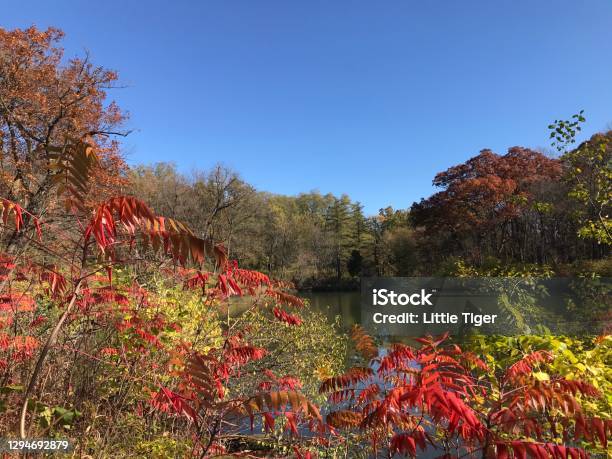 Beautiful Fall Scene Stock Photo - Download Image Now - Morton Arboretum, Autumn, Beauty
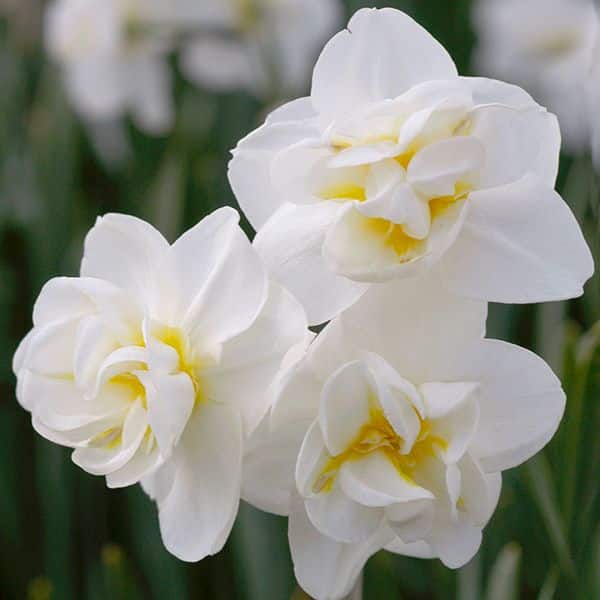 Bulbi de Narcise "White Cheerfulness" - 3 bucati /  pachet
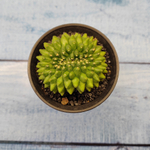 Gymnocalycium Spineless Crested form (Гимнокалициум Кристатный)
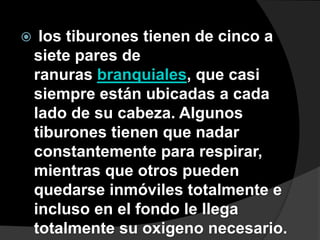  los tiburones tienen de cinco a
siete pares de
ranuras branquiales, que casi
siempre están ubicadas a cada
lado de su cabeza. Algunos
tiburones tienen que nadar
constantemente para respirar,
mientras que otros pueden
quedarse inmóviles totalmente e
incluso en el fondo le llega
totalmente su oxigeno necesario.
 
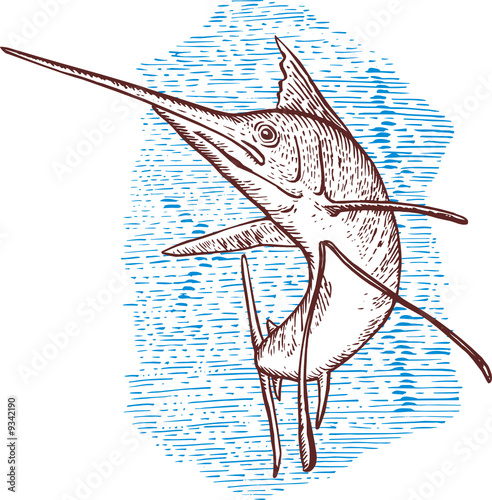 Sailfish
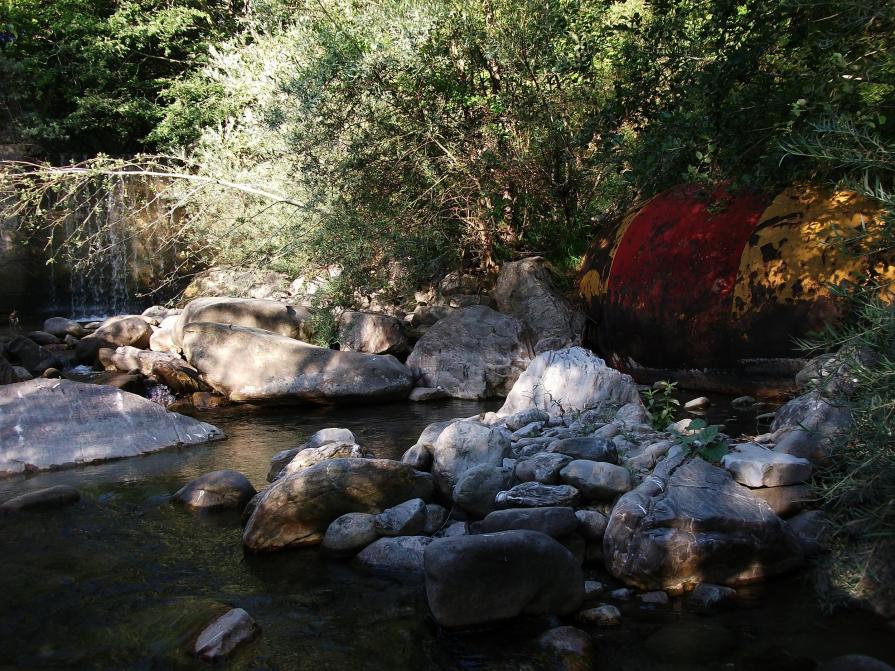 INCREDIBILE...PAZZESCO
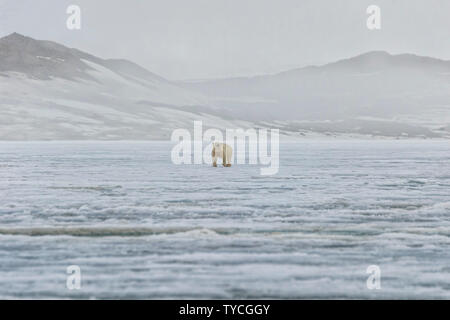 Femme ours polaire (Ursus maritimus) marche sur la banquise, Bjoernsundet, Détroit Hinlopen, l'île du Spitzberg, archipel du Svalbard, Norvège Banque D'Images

* * *

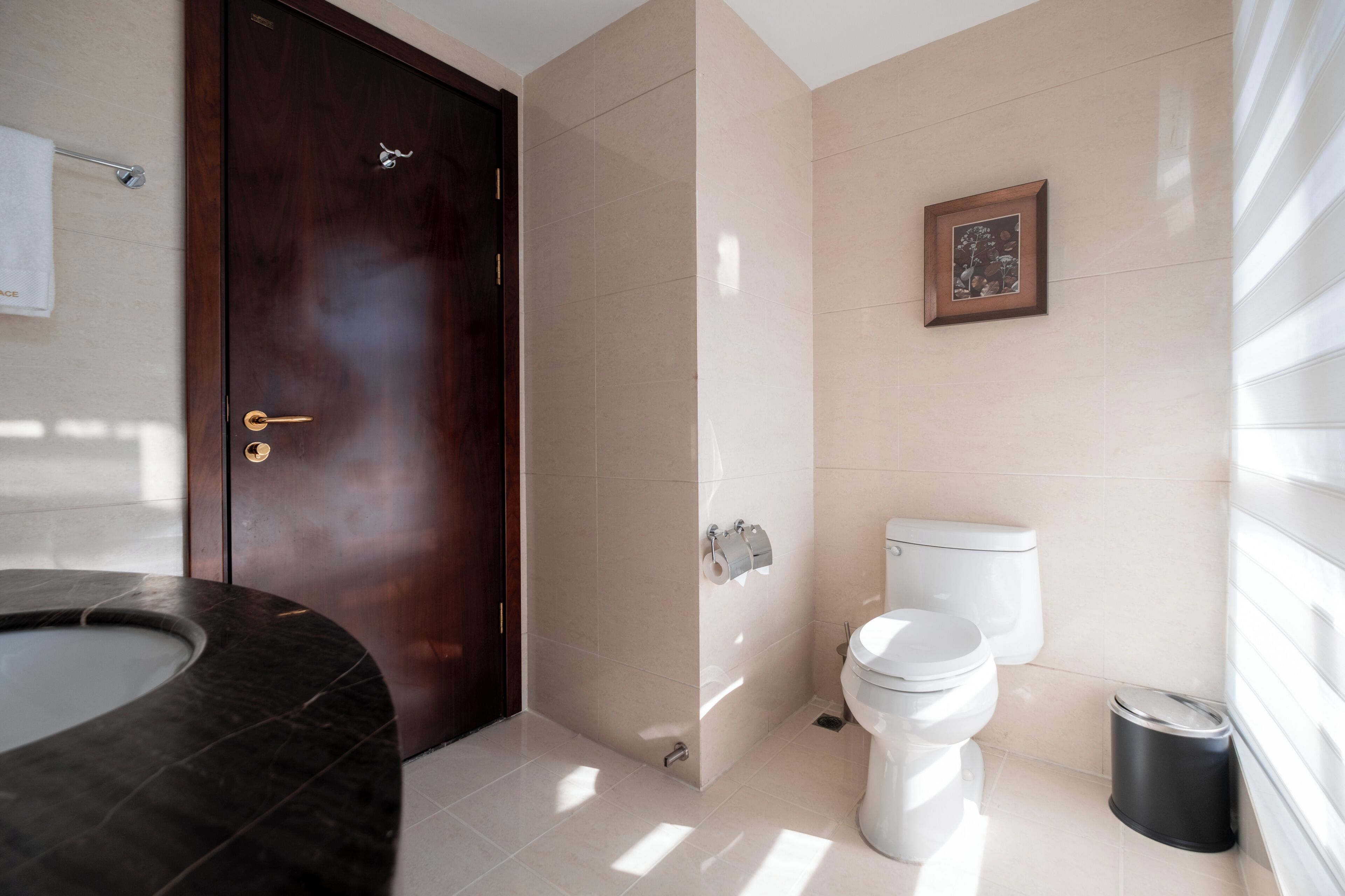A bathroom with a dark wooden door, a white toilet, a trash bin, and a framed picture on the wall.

* [Exercise prompt]: Copy out each line carrying the string "totalmente" from the data.

* [Output of the task]:
quedarse inmóviles totalmente e
totalmente su oxigeno necesario.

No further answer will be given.